Instructions to follow:
Write out nothing but the lines from the one containing "26 Lander Crescent" through the last line below, both included, and without the pictures.

Raw data:
%%

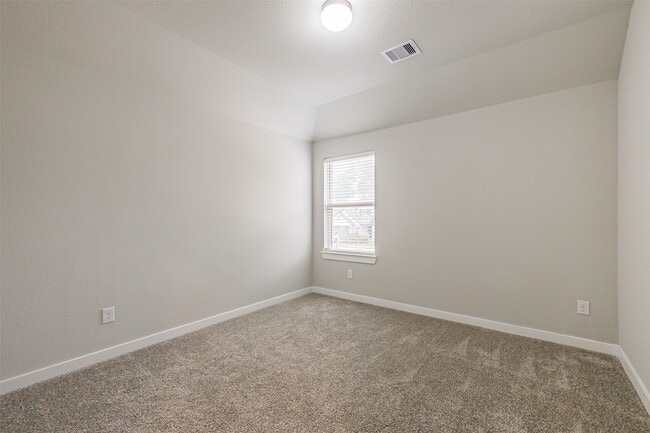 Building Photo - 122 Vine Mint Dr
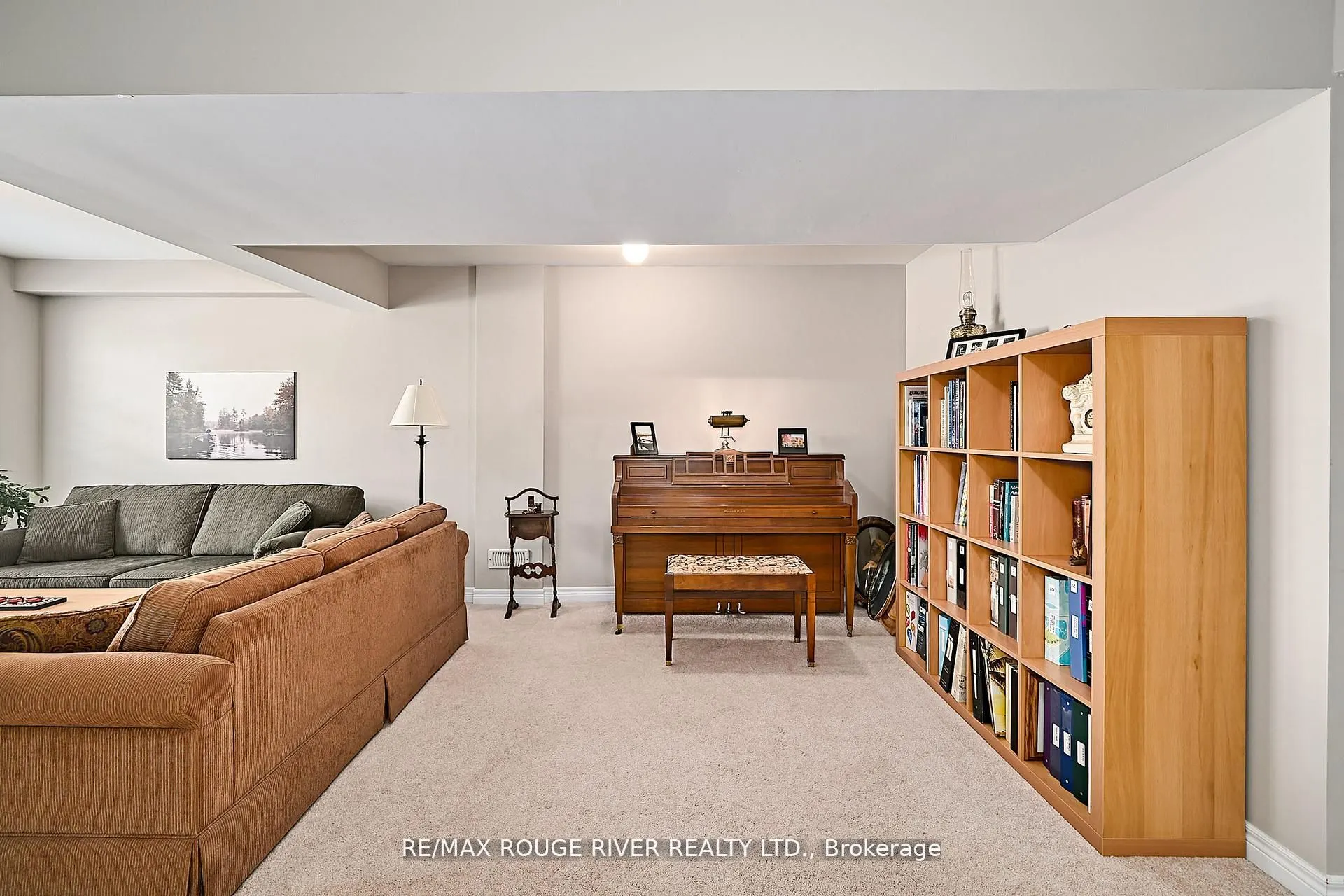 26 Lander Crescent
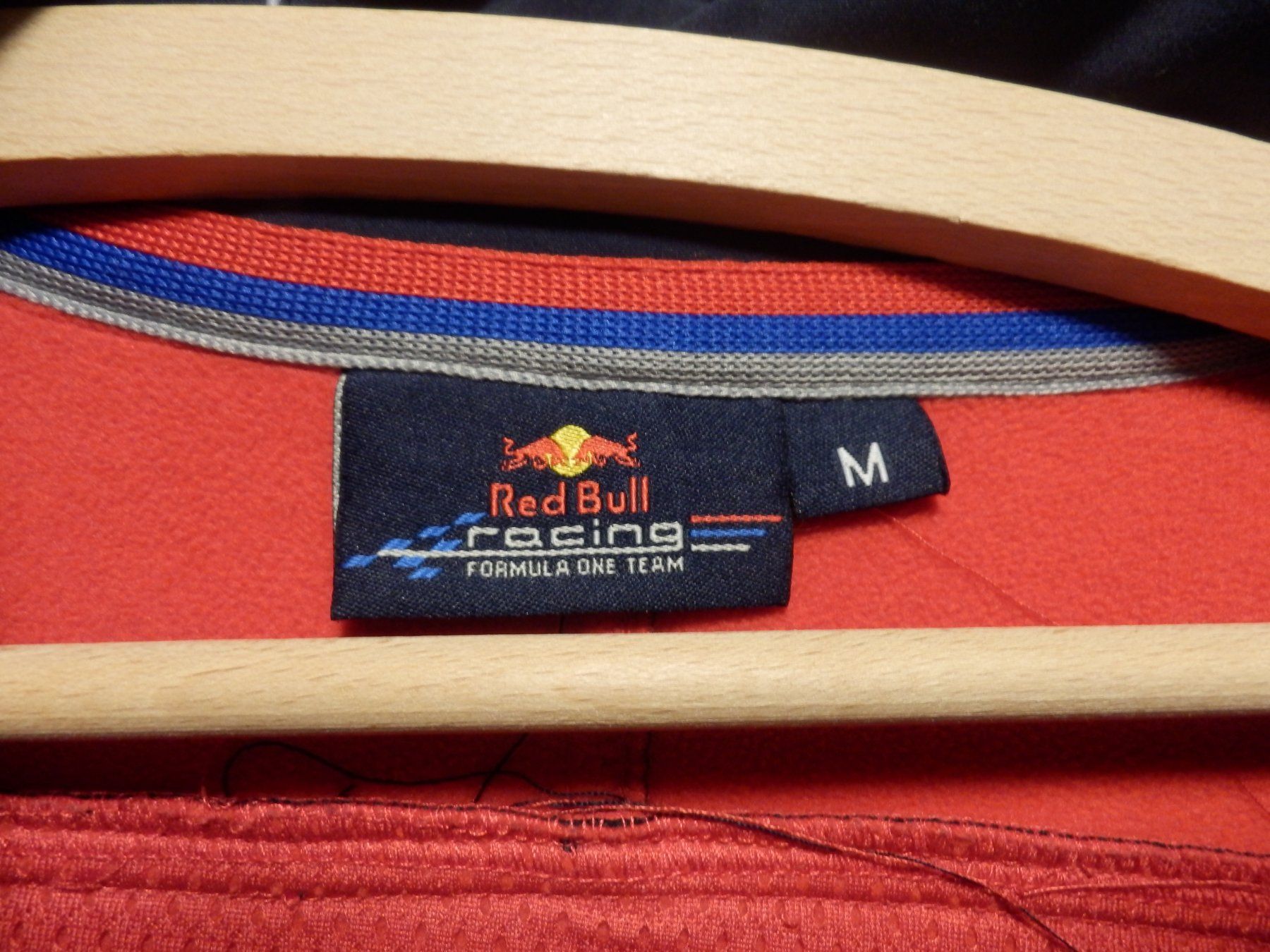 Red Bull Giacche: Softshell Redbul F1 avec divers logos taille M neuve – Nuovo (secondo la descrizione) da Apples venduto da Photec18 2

%%

Answer below:
 26 Lander Crescent
 Red Bull Giacche: Softshell Redbul F1 avec divers logos taille M neuve – Nuovo (secondo la descrizione) da Apples venduto da Photec18 2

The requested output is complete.